Set in the heart of Toronto’s historic Garment District, Ace Hotel Toronto's character and material palette recall the robustness of the surrounding brick-and-beam factories and
warehouses.
Forged from a close, yearslong collaboration between Shim-Sutcliffe Architects and Atelier Ace, Ace Hotel Toronto utilizes materials valued for their intrinsic strength, integrity and tactility, employing the simple and functional to craft something spectacular. The materials also evoke a Canadian feeling, marking Ace’s first home in the country. Although a new building, the design captures a layered sense of time to feel at home among its surroundings and obfuscates its own age.
In an area lacking shared spaces, the building is envisioned as a civic building that is a crucial part of its neighbourhood and city. Easily visible from the street, the entry way and lobby extends the public realm and becomes an inviting living room within the community. The monumental scale of the triple-height spaces lobby is complemented by more intimate spaces where warm light, rich textures, and striking original art shape spaces for conversation.
Located across from St. Andrew's Park, a significant downtown green space, the neighborhood hotel is within walking distance of local attractions and public transit. The guest rooms look out upon the park, as it evolves throughout the seasons.
Featuring 14 above-ground stories and four basement levels, the 123-room hotel includes an expansive public lobby at the ground level; Alder, a signature restaurant on the lower level; second-level meeting rooms; and Evangeline, a rooftop lounge and bar.

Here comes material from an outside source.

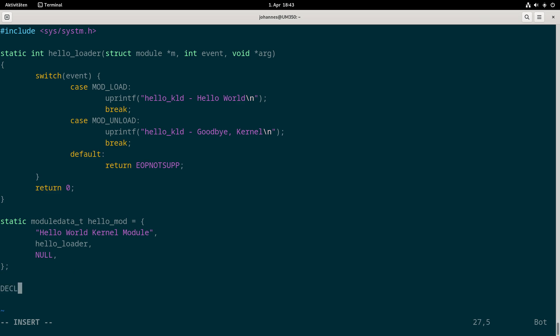The last step I have to do is declare the module so it is known to the kernel. The first argument here is the module name, I will just use hello_kld. Then the second one is my moduledata_t struct, so hello_mod.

Red brick is Toronto’s material, and the hotel’s red clay facade recalls the important role bricks played in forming the city’s visual identity. A statement of resistance against recent glassy developments in the area, the symbolic brick reaches back in time to pay homage to bygone buildings, allowing the structure to feel a part of its context.
A rhythmic series of soaring, poured-in-place, steel-edged concrete structural arches rise from below grade to a level above. Each frame terminates with an oversize industrial steel “knuckle” that transfers the load from above to the foundations below. Initially set in wood forms, the concrete features the appearance of textural wood grain, mixing and matching material and pattern playfully. The lobby, clad in red oak lining, is hung by slender steel rods from these massive supports, which carve out the boundaries of the space. Intended to feel as if it were slipped into an existing structure, the lobby’s suspension creates the sensation of levity within the massive, muscular space. Oversized glass windows offer onlookers clues to the intricate spaces within while filling the interiors with daylight.
Ace Hotel Toronto stands as testament to the quiet but regenerative power that thoughtful architecture and design can have on its environment. As it pays homage to what came before, the hotel is simultaneously attuned to what is yet to come; the building is a civic space, crafted as a home for creative thinkers from near and far, and represents a long-term investment in the city it serves.
Brigitte Shim and A. Howard Sutcliffe formed the architectural design practice Shim-Sutcliffe Architects in 1994.
Their critical design practice reflects their shared interest in and passion for the integration and interrelated scales of architecture, landscape, and interior and industrial design.
To date, Shim and Sutcliffe have received sixteen Governor General’s Medals and Awards for architecture as well as an American Institute of Architects National Honor Award, among many other professional accolades.